As a child in play sports with its doll, so Rupert swung Deede Dawson twice about his head, round and round and then loosed him so that he went hurling through the air with awful force, like a stone shot from a catapult, clean through the window through which Rupert had the moment before tossed his pistol with but little more apparent effort.
Right through the window, bearing panes and sash with him, Deede Dawson flew with the impetus of that great throw and out beyond and down, turning over and over the while, down through the empty air to fall and be shattered like a piece of worthless crockery on the stone threshold of the outhouse door.
Surprised to find himself alone, Rupert put his hand to his forehead and looked vacantly around.
“My God, what have I done?” he thought.
He was trembling violently, and the fury of the passion that had possessed him and had given his mighty muscles a force more than human, was still upon him.
Going to the window, he looked out, for he did not quite know what had happened and from it he looked back at the wardrobe door.
“Oh, yes,” he said. “Yes.”
He ran to it and tore open the door and from within very tenderly and gently he lifted down the half-swooning Ella who, securely gagged and tightly bound, had been thrust into its interior to conceal her from him.
Hurriedly he freed her from her bonds and from the handkerchief that was tied over her mouth and holding her in his arms like a child, pressing her close to his heart, he carried her lightly out of that dreadful room.
Only once did she stir, only once did she speak, when lifting her pale, strained face to him she murmured very faintly something in which he just caught the words:
“Deede Dawson.”
“He’ll trouble us no more nor any one else, I think,” answered Rupert, and she said no more but snuggled down in his arms as though with a feeling of perfect security and safety.

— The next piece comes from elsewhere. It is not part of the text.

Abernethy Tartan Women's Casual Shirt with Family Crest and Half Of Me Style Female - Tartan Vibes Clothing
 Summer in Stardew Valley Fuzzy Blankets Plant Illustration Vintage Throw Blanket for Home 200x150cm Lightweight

He took her to her own room and left her with her mother, and then went down to the hall and took a chair and sat at the front door.

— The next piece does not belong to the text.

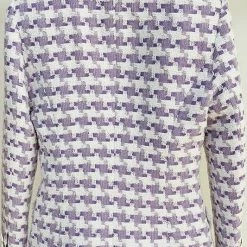 Jessica Bara Aubrielle Houndstooth Tweed Blazer Influencer Style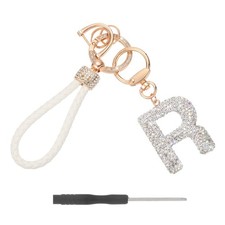 Initial Letter Keychain Letter R - Initial Wristlet KeyChain White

All at once he felt very tired and one of his shoulders hurt him, for he had strained a muscle there rather badly.
His one desire was to rest, and he did not even trouble to go round to the back of the house to see what had happened to Deede Dawson, though indeed that was not a point on which he entertained much doubt.
For a long time he sat there quietly, till at last his father arrived in a motor-car from Wreste Abbey, together with a police-inspector from the county town whom he had picked up on the way.
Rupert took them into the room where Deede Dawson’s chessmen and the board were still standing and told them as briefly as he could what had happened since the first day when he had left his home to try to trace out and defeat the plot hatched by Walter Dunsmore and Deede Dawson.